Assigned task: Leave out all pictures and retype exactly the lines from the one with "M.A.C Ruj De" through the last line of the material.

-- Source data follows --

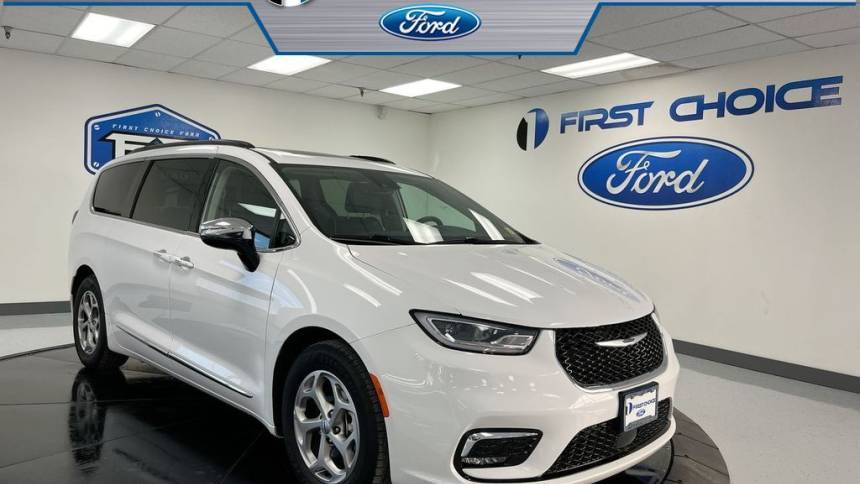 2023 Chrysler Pacifica Limited — Minivan — 59,539 mi — Rock Springs, WY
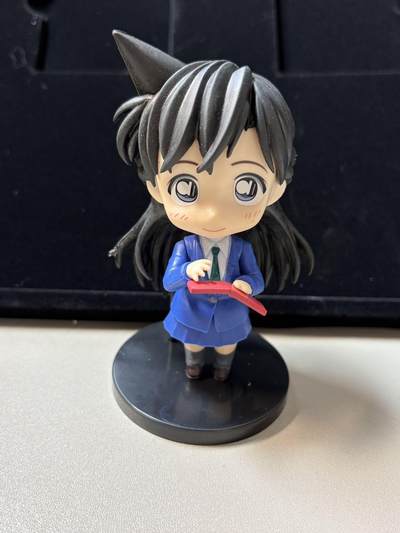 【0佣福利场】手办盲盒专场 周五晚上21点截拍 - 扭蛋机 侦探柯南手办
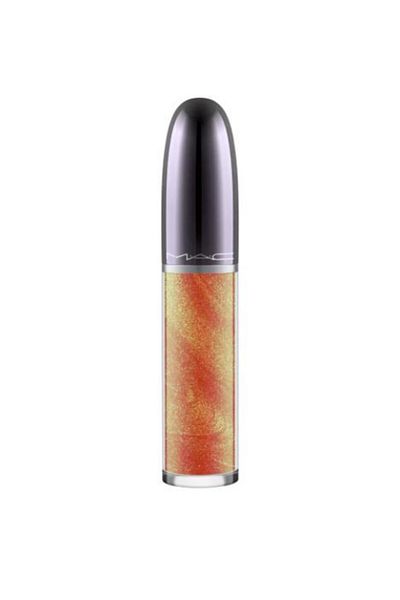 M.A.C Ruj De Buze, MAC, Grand Illusion Glossy Liquid, Let's Rock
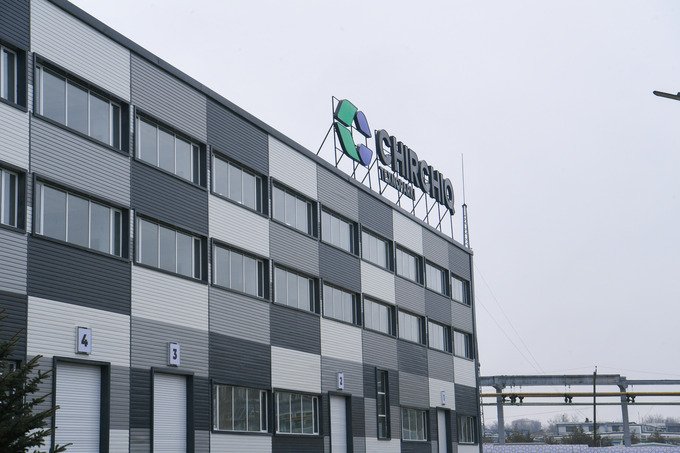 «Чирчиқ»да 21,6 млн долларлик учта янги завод ишга туширилди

-- Source data concluded --

Exercise result:
 M.A.C Ruj De Buze, MAC, Grand Illusion Glossy Liquid, Let's Rock
 «Чирчиқ»да 21,6 млн долларлик учта янги завод ишга туширилди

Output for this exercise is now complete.